Page MenuHomePhabricator

"page_is_redirect" wrong on Indonesian (and probably other non-English) wiki dumps. Doesn't recognize localization of "#REDIRECT"
Closed, ResolvedPublic

Description

Probably duplicate of Bug #12507 and possibly related to Bug #10931 and #30513

I'm downloading idwikibooks and idwiki dumps (i.e. idwiki-pages-articles.xml.bz2). And after I install it locally and go through random pages several times I've stumbled into many 'broken' redirects (as if with parameter "redirect=no"). They didn't redirect me to the proper pages.

From what I found out, the problem was because the site does not recognize the pages with "#ALIH [[title]]" tag (Indonesian for "#REDIRECT [[title]]") as a redirect, because they're marked as "page_is_redirect = 0" on the "page" table. Only redirects with #REDIRECT tag are recognized (and thus redirected properly). I've checked the special pages online and they seem to list all the redirects properly, so it seems this problem is only for the dumps. (Note: I've already set $wgLanguageCode = "id", so that wasn't the problem)

I could create new redirects using "#ALIH [[title]]" just fine, but I couldn't fix the existing redirects. I've tried to purge the page and run "refreshLinks.php --redirects-only" to no avail. Null edit gave me worse result, it displays "1. ALIH [[title]]", as if it's an ordered list. It was strange, because I can make a new redirects using "#ALIH"s, but get an error doing a null edit on existing "#ALIH"s.

I've also downloaded idwiki-latest-redirect.sql.gz and put them in "redirect" table, but as soon as I run rebuildall.php, they were overwritten by the data from "page" table.
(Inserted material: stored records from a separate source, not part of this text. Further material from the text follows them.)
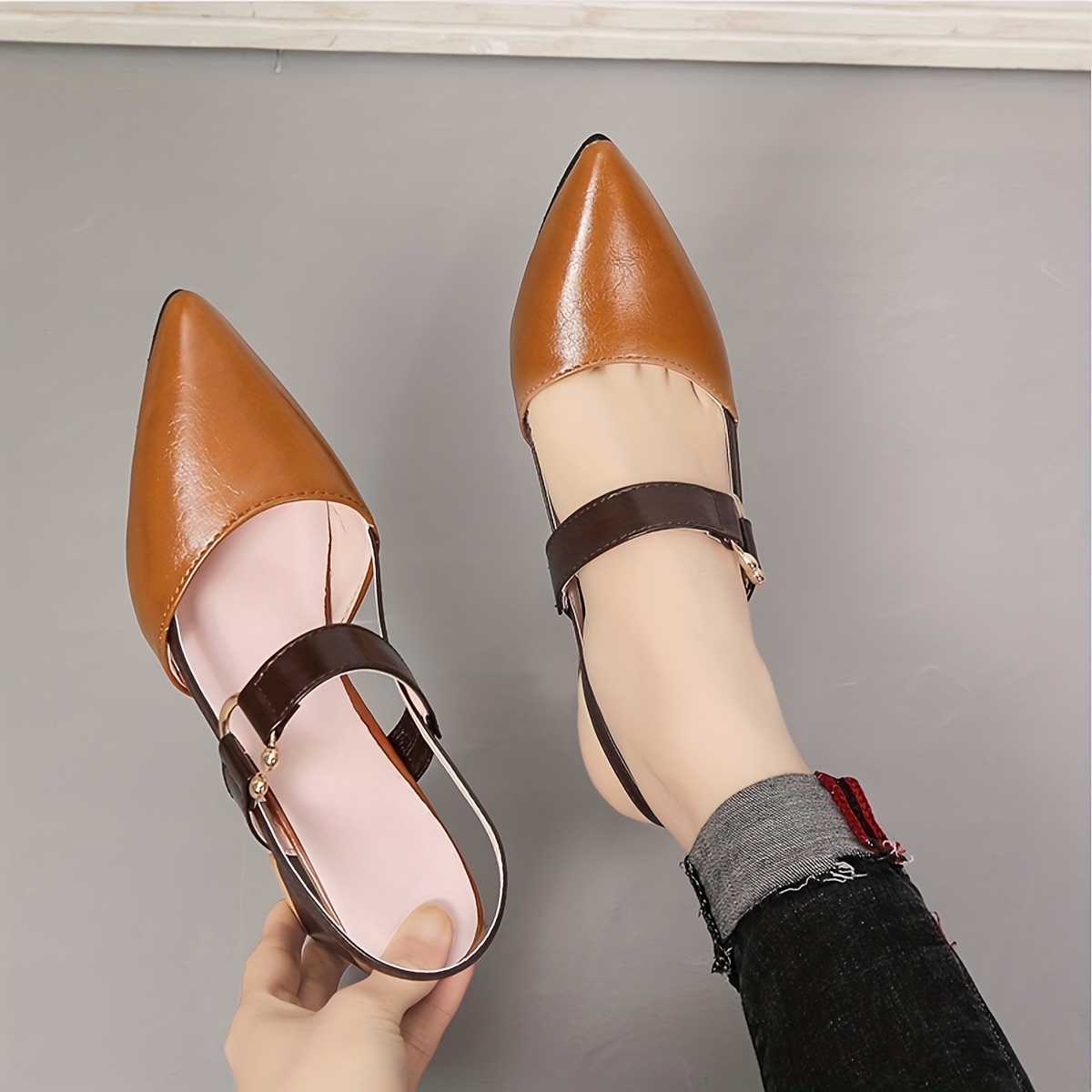 womens chunky heeled sandals two tone pointed toe slip on mid heels all match slingback sandals details 4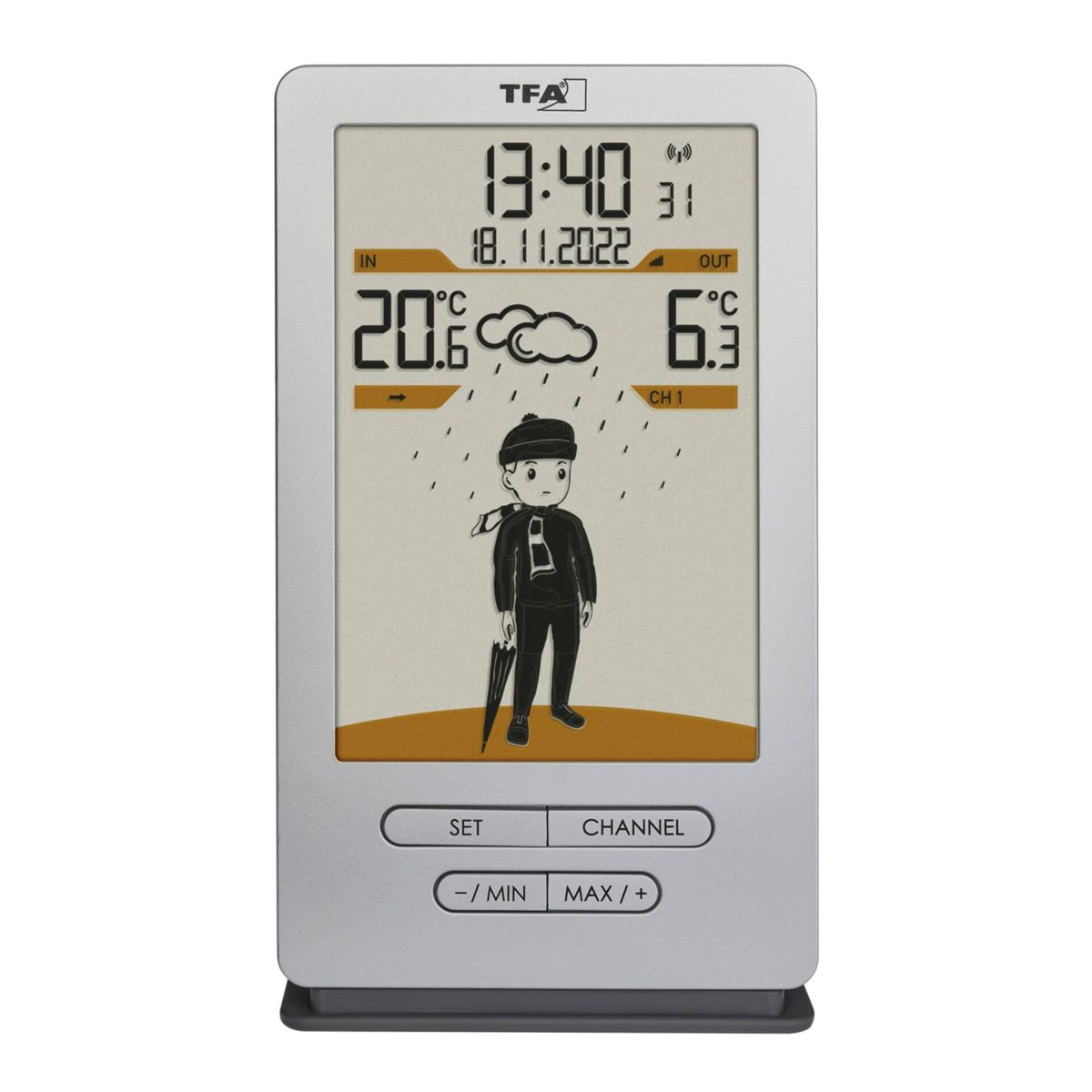 Eine silberne Wetterstation, die Zeit, Datum und Wetterbedingungen mit einer Cartoonfigur anzeigt.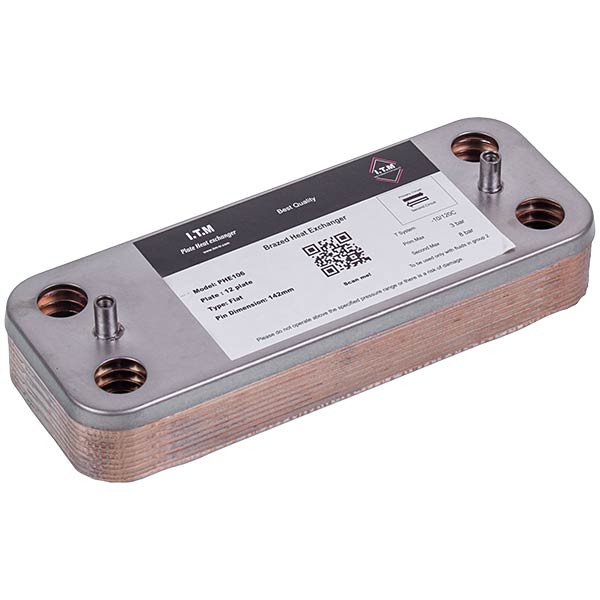 DHW Plate Heat Exchanger (12 plates) for Gas Boiler Compatible with Ariston BS/Clas/Genus/Egis Plus 65116314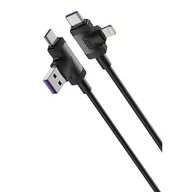 Kable USB - Kabel USB/USB Typ-C - USB Typ-C/Lightning XO NB237 4w1 3A 1 m Czarny - miniaturka - grafika 1
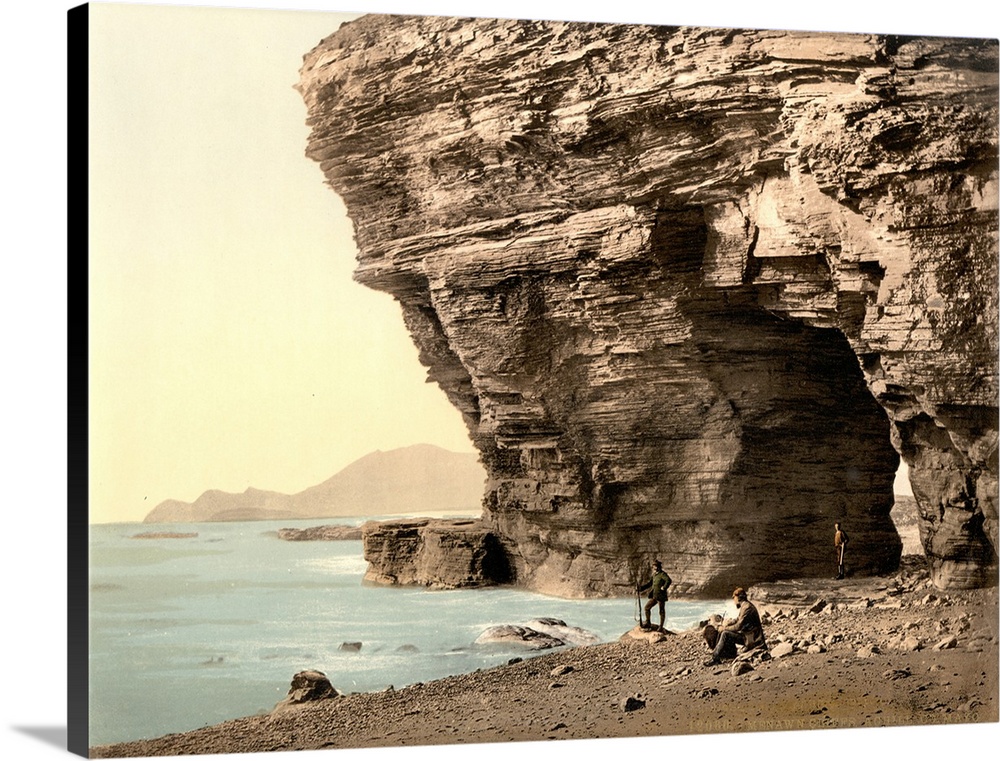 Hand colored photograph of Menawn cliffs, Achill, country mayo, Ireland.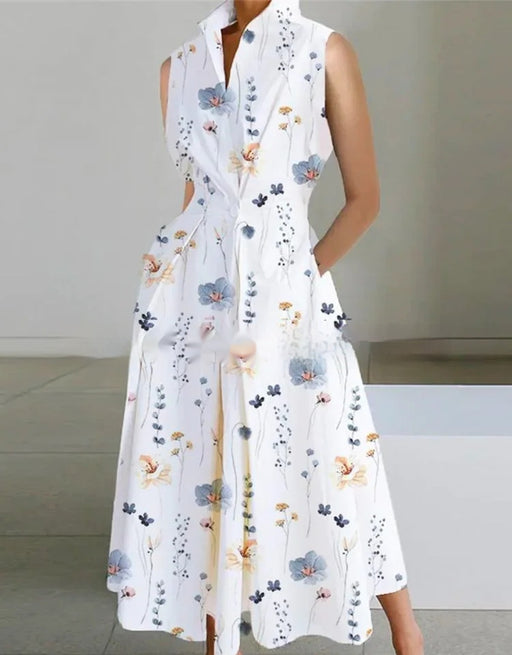 stand-up collar printed mid-length dress, view 11 - MRSLM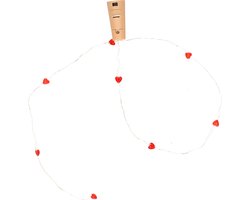 Cepewa Flesverlichting - kurk met LED hartjes - voor wijnfles - 80 cm - Valentijnsdag - Love thema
Right now my only option left is run a bot locally, and change all "#ALIH"s to "#REDIRECT"s. Hope this gets fixed on the next version.


Version: unspecified
Severity: normal

Details

Reference
bz38919

Event Timeline

bzimport raised the priority of this task from to Needs Triage.Nov 22 2014, 12:49 AM
bzimport set Reference to bz38919.

Is this a problem with the data in the dump, or the dump import process?

How are you importing them, and into what?

A quick spot check of idwiki-20120727-pages-articles.xml.bz2 shows that <page>s whose current <text> is #ALIH [[whatever]] are marked with <redirect> elements, so the dump looks ok:

<page>
  <title>Main Page</title>
  <ns>0</ns>
  <id>92</id>
  <redirect title="Halaman Utama" />
  <revision>
    <id>2637971</id>
    <parentid>652005</parentid>
    <timestamp>2009-10-30T04:14:53Z</timestamp>
    <contributor>
      <username>Bennylin</username>
      <id>469</id>
    </contributor>
    <minor />
    <comment>+kat</comment>
    <sha1>a8p1abnpz1lzdoypdtv1fffrtfch444</sha1>
    <text xml:space="preserve">#ALIH [[Halaman Utama]]

[[Kategori:Pengalihan yang dilindungi]]</text>

  </revision>
</page>

If you're using maintenance/importDump.php to import the XML into MediaWiki, then this is probably related to bug 12507.

(In reply to comment #1)

Is this a problem with the data in the dump, or the dump import process?

How are you importing them, and into what?

I'm importing them with MWDumper, into a fresh installation of MW 1.18.

Benjamin Collier's build to be exact. I found out the problem was on MWDumper's code https://github.com/bcollier/mwdumper/blob/master/src/org/mediawiki/importer/Revision.java

Close this as Fixed. Thanks Brion.

*** This bug has been marked as a duplicate of bug 7497 ***